◆ Recorded information ◆
+++
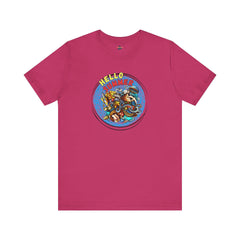 Hello Summer Doodle T-Shirt - Unisex Jersey Short Sleeve Tee
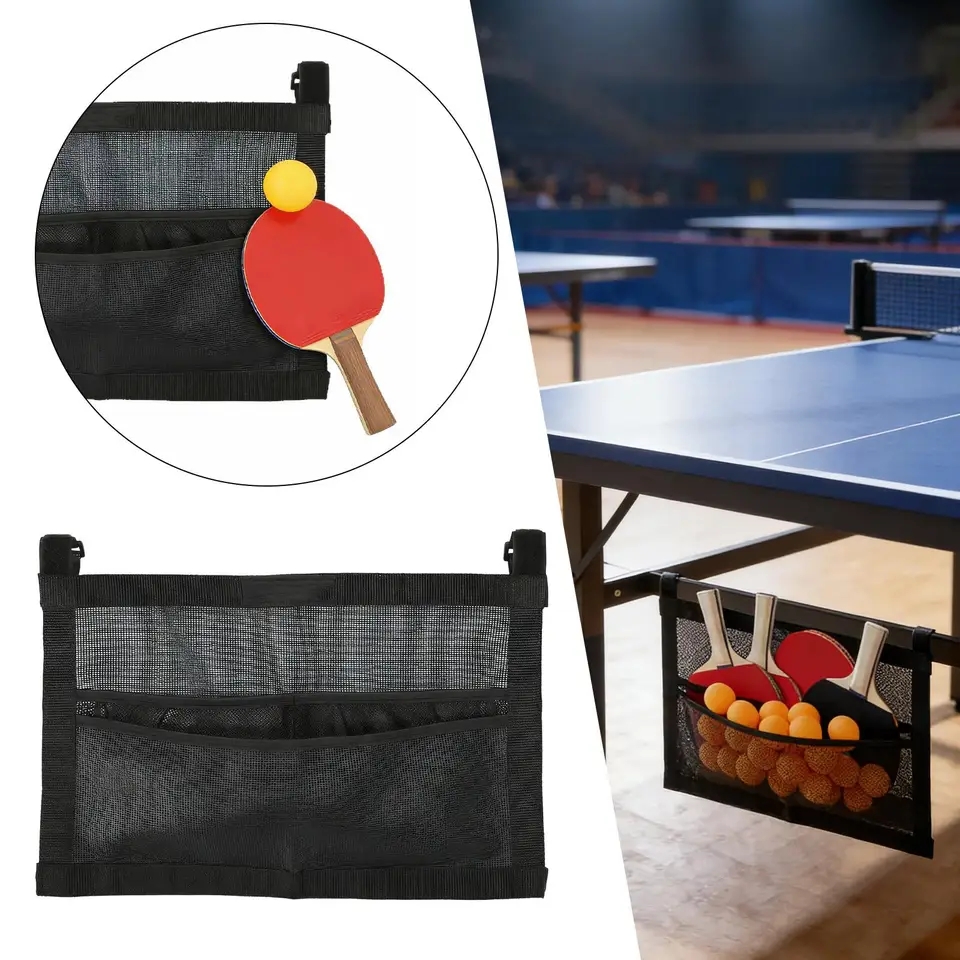 Table Tennis Practice - New Mesh Pingpong Ball Holder Large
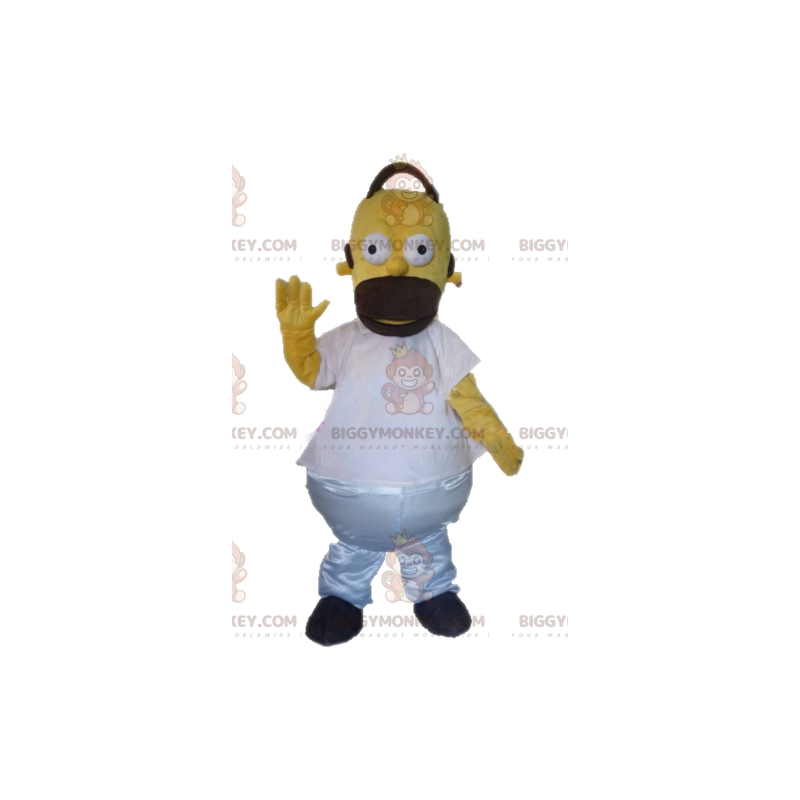 Homer Simpson Beroemd stripfiguur BIGGYMONKEY™ mascottekostuum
+++
◆ What to work on ◆
Your output should be the lines from the one with "Table Tennis Practice" through the end of the listing, copied exactly and with the pictures left out.

◆ Task output ◆
 Table Tennis Practice - New Mesh Pingpong Ball Holder Large
 Homer Simpson Beroemd stripfiguur BIGGYMONKEY™ mascottekostuum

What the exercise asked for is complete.